● Your objective:
Copy out the lines beginning at the one with "XPeng P5 2023" and ending at the last line of the data, both included; pictures stay out.

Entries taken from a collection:
....................

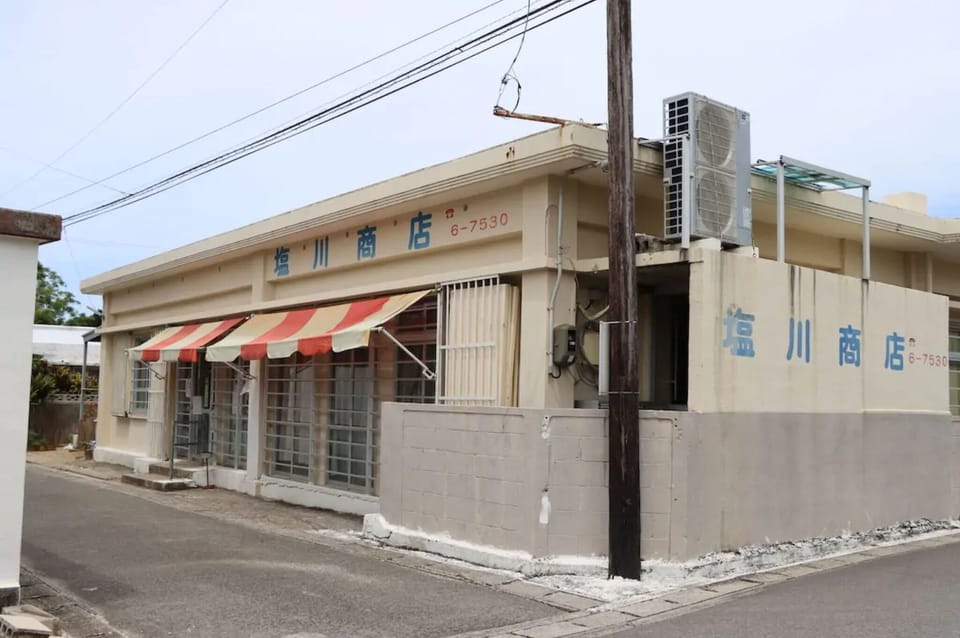 At the nearest Shiokawa Shoten, you can fully feel the atmosphere of the island. Even if you don't have any errands to do, it's a community spot that you definitely want to stop by.
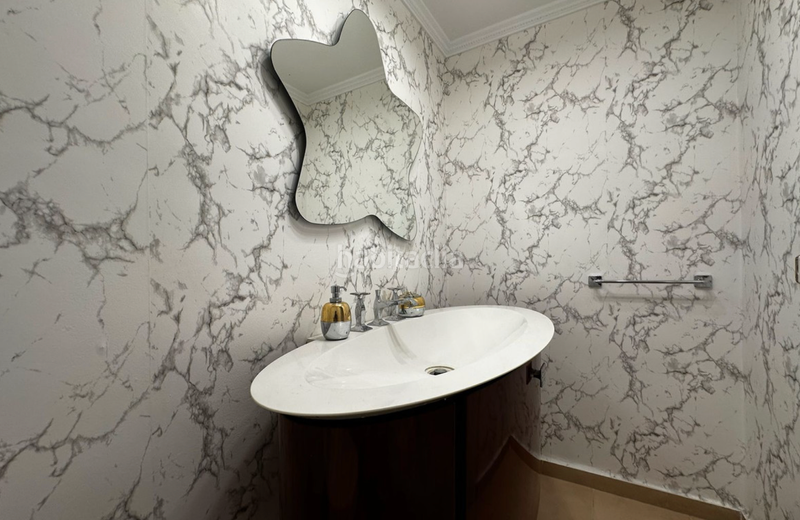 Foto 7faf6faf-d6f5-4557-a8be-d24e8e0d0afb. Chalet avec cheminée parking piscine dans San Pedro de Alcántara Pueblo Marbella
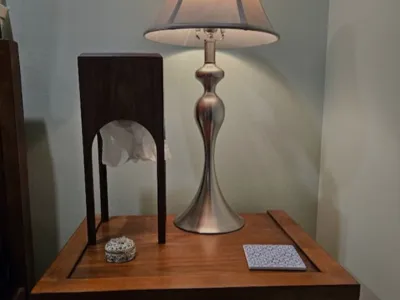 Inverted Tissue Box (Elevated, springless design ensures effortless extraction)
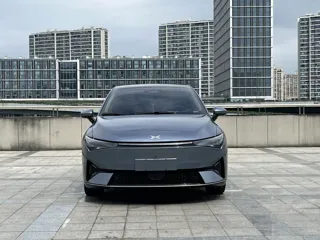 XPeng P5 2023 купить из Китая, цена 3 356 000 ₽ — Suifenhe Auto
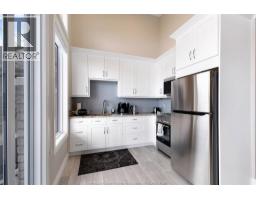 1696 CAILLE AVENUE - 43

....................

● Response area:
 XPeng P5 2023 купить из Китая, цена 3 356 000 ₽ — Suifenhe Auto
 1696 CAILLE AVENUE - 43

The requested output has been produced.